Metadata-Version: 2.4
Name: ECOv002-CMR
Version: 1.4.1
Summary: Common Metadata Repository (CMR) Search for ECOSTRESS Collection 2
Author-email: "Gregory H. Halverson" <gregory.h.halverson@jpl.nasa.gov>
Project-URL: Homepage, https://github.com/ECOSTRESS-Collection-2/ECOv002-CMR
Classifier: Programming Language :: Python :: 3
Classifier: Operating System :: OS Independent
Requires-Python: >=3.10
Description-Content-Type: text/markdown
License-File: LICENSE
Requires-Dist: colored-logging
Requires-Dist: ECOv002-granules
Requires-Dist: geopandas
Requires-Dist: matplotlib<3.11
Requires-Dist: numpy
Requires-Dist: pandas
Requires-Dist: rasterio
Requires-Dist: rasters>=1.16.1
Requires-Dist: requests
Requires-Dist: sentinel-tiles>=1.1.1
Requires-Dist: shapely
Requires-Dist: tqdm
Provides-Extra: dev
Requires-Dist: build; extra == "dev"
Requires-Dist: pytest>=6.0; extra == "dev"
Requires-Dist: pytest-cov; extra == "dev"
Requires-Dist: jupyter; extra == "dev"
Requires-Dist: pytest; extra == "dev"
Requires-Dist: twine; extra == "dev"
Dynamic: license-file

# Common Metadata Repository (CMR) Search for ECOSTRESS Collection 2

![CI](https://github.com/ECOSTRESS-Collection-2/ECOv002-CMR/actions/workflows/ci.yml/badge.svg)
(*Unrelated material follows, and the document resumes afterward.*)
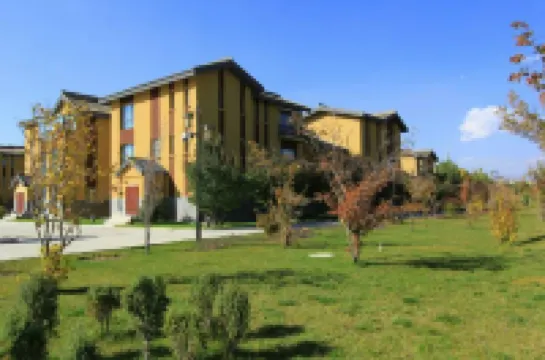 Huzhu Rainbow Tribe Resort Hotel Hotels in Huzhu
The `ECOv002-CMR` Python package is a utility for searching and downloading ECOSTRESS Collection 2 tiled data product granules using the [Common Metadata Repository (CMR) API](https://cmr.earthdata.nasa.gov/).

[Gregory H. Halverson](https://github.com/gregory-halverson-jpl) (they/them)<br>
[gregory.h.halverson@jpl.nasa.gov](mailto:gregory.h.halverson@jpl.nasa.gov)<br>
NASA Jet Propulsion Laboratory 329G

## Pre-Requisites

This package uses [wget](https://www.gnu.org/software/wget/) for file transfers.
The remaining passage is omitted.